Niemand, und schon gar nicht die Frauen um Marieluise Beck, fordert, wie Frau Roggenkamp behauptet, eine Kopftuchpflicht für „alle muslimischen Frauen“, niemand will sich „dem politischen Islam unterwerfen“. Es geht ja gar nicht um Menschen, die zu etwas gezwungen werden. Frauen haben in Deutschland viele Möglichkeiten, sich einem eventuellen Kopftuchzwang zu entziehen, etwa indem sie die sie zwingenden Männer anzeigen, falls diese Gewalt gegen sie gebrauchen, oder indem sie diese Männer ganz einfach verlassen. Diese Freiheit hat der Gesetzgeber zu schützen, und er tut es auch.

In der Diskussion geht es um Frauen, die ihrem persönlichen Glauben folgend ein Kopftuch tragen wollen, freiwillig, aus eigenem Entschluss. Und diesen Frauen wollen – darum geht es ja eigentlich – konservative, intolerante ChristInnen und andere Xenophobe dieses Zeichen ihrer Religionszugehörigkeit verbieten, weil sie um die Vorherrschaft der christlichen Kirchen in Europa fürchten, weil sie eine Veränderung der europäischen Kultur durch den Einfluss des arabischen Islam befürchten. […] V. Roggenkamp verwechselt falsches Verhalten mit dem von ihr hierfür gehaltenen Symbol. Frauen, die in Deutschland freiwillig ein Kopftuch tragen, tragen es nicht aus demselben Grund wie die, die im Iran oder anderswo dazu gezwungen werden. […] Dadurch, dass man/frau bei uns muslimische Frauen in ihrer Berufswahl einschränkt, ändert man/frau gewiss nichts an der Unfreiheit in anderen Ländern.

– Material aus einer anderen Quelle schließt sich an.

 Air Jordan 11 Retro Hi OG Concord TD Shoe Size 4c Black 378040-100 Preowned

Allerdings wird die Unfreiheit in unserem Land durch die entsprechenden Pläne einiger Bundesländer vergrößert. […] GEORG LITTY, Unterjesingen

Wie unser Verfassungsgericht früher als die Gesellschaft bemerkte: Es geht in der Kopftuchdebatte nicht darum, ob eine Religion richtig ist, sondern darum, einen gesellschaftlichen Wertekonflikt auszutragen.

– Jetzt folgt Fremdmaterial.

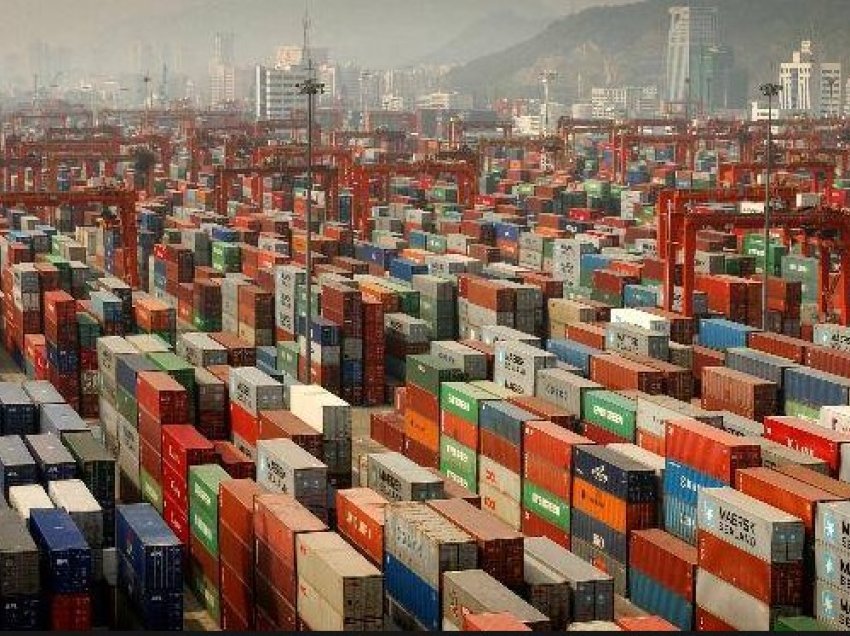 Kina regjistron rënien më të madhe në eksporte që nga viti 2020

Angesichts dieser Einsicht ist es bestürzend, wie diejenigen den Konflikt austragen, die für ein Kopftuchverbot eintreten. Sie beschimpfen ihre KritikerInnen als Mitläufer eines faschistoiden Islam und fallen selbst in die Zeiten zurück, als es sich der Staat anmaßte, über den Glauben der Untertanen zu bestimmen.

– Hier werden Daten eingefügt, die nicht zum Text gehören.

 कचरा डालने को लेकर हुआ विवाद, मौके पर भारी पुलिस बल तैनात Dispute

Natürlich wäre es schön, wenn Frauen und Mädchen vor Fundamentalisten aller Couleur geschützt werden könnten. Aber ist ein Berufsverbot ein Schutz? Mit welchem Recht untersagen wir einer muslimischen Lehrerin die Berufsausübung, nicht aber einem muslimischen Lehrer, nicht aber einem Sexisten oder einem Zyniker? Für alle gilt, dass nur grobe Regelverletzungen ein Berufsverbot rechtfertigen. Für die muslimische Frau reicht der unbewiesene Verdacht, sie unterstütze die Extremisten ihrer Religion

Im Unterschied zu Frankreich sind in Deutschland Kirche und Staat nicht getrennt. Ein großer Teil der sozialen Einrichtungen wird mit Staatsgeldern von Kirchen betrieben, die ihren MitarbeiterInnen u. a. bei Scheidung oder homosexueller Partnerschaft legal kündigen dürfen. Ich finde, „wir“ sollten alle Kinder vor allen Fundamentalismen schützen. Das wird aber nur möglich sein, wenn wir die Religionsfreiheit, die die Verfassung garantiert, konstruktiv weiterentwickeln und für alle Religionen gleichermaßen begrenzen.